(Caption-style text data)
▼

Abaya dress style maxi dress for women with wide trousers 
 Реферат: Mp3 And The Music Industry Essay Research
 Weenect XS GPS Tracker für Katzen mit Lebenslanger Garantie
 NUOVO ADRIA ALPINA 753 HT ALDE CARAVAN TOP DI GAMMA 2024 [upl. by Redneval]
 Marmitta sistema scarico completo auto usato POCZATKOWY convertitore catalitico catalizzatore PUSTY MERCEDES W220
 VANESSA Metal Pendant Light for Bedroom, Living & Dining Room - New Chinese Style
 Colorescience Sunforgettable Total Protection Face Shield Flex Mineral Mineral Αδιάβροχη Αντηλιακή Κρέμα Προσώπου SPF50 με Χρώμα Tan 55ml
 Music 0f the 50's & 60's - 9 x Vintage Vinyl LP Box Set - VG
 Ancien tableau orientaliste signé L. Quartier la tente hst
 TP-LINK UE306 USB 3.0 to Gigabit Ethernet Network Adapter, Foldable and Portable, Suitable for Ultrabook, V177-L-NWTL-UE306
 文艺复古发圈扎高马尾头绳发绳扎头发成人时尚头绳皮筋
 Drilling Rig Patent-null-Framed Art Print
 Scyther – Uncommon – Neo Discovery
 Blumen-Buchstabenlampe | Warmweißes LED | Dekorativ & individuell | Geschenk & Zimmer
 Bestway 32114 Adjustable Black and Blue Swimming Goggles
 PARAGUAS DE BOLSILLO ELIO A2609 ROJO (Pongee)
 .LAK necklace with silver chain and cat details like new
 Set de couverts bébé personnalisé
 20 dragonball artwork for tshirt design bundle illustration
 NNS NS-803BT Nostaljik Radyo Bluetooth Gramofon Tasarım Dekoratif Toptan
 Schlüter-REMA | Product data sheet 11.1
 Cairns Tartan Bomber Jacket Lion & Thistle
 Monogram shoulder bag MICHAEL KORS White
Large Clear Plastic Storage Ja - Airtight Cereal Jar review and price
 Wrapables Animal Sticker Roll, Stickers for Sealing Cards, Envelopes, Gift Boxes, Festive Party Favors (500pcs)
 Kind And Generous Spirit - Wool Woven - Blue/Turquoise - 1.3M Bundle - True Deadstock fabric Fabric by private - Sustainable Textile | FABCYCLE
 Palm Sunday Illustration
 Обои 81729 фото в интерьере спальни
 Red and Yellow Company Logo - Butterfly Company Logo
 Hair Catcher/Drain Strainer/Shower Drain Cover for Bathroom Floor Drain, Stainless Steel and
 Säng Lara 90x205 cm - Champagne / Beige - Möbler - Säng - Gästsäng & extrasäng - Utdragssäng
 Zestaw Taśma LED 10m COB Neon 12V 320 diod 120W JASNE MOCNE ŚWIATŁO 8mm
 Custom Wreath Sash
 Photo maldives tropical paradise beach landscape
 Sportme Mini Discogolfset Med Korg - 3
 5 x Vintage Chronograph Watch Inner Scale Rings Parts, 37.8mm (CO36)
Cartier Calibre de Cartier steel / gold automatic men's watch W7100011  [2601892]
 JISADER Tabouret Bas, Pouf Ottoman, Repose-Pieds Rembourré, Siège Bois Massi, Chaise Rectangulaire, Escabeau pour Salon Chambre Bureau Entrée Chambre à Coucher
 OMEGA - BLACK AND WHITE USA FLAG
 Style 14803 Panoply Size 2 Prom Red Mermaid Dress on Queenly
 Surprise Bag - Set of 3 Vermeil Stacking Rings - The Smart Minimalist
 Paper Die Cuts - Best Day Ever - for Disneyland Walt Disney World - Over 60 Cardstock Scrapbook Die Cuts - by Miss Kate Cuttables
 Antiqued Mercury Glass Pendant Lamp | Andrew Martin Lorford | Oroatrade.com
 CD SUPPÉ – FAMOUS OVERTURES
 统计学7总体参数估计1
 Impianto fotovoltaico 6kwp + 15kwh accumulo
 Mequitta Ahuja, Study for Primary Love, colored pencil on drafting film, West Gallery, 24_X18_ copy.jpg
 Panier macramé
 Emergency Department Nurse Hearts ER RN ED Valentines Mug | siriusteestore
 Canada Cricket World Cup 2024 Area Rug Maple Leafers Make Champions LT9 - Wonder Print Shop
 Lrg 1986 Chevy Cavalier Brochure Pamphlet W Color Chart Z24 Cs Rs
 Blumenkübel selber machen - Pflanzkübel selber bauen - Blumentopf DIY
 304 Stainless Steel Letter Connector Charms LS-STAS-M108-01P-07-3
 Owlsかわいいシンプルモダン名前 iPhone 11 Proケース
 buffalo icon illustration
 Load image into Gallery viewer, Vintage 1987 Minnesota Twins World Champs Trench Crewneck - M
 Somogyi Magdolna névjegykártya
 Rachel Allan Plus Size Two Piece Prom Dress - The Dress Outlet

▲

#### [Problem requirements]
Each line from the one holding "OMEGA - BLACK AND WHITE USA FLAG" down to the end of the records above is to be repeated exactly; no other line belongs in the reply.

#### [Exercise solution]
 OMEGA - BLACK AND WHITE USA FLAG
 Style 14803 Panoply Size 2 Prom Red Mermaid Dress on Queenly
 Surprise Bag - Set of 3 Vermeil Stacking Rings - The Smart Minimalist
 Paper Die Cuts - Best Day Ever - for Disneyland Walt Disney World - Over 60 Cardstock Scrapbook Die Cuts - by Miss Kate Cuttables
 Antiqued Mercury Glass Pendant Lamp | Andrew Martin Lorford | Oroatrade.com
 CD SUPPÉ – FAMOUS OVERTURES
 统计学7总体参数估计1
 Impianto fotovoltaico 6kwp + 15kwh accumulo
 Mequitta Ahuja, Study for Primary Love, colored pencil on drafting film, West Gallery, 24_X18_ copy.jpg
 Panier macramé
 Emergency Department Nurse Hearts ER RN ED Valentines Mug | siriusteestore
 Canada Cricket World Cup 2024 Area Rug Maple Leafers Make Champions LT9 - Wonder Print Shop
 Lrg 1986 Chevy Cavalier Brochure Pamphlet W Color Chart Z24 Cs Rs
 Blumenkübel selber machen - Pflanzkübel selber bauen - Blumentopf DIY
 304 Stainless Steel Letter Connector Charms LS-STAS-M108-01P-07-3
 Owlsかわいいシンプルモダン名前 iPhone 11 Proケース
 buffalo icon illustration
 Load image into Gallery viewer, Vintage 1987 Minnesota Twins World Champs Trench Crewneck - M
 Somogyi Magdolna névjegykártya
 Rachel Allan Plus Size Two Piece Prom Dress - The Dress Outlet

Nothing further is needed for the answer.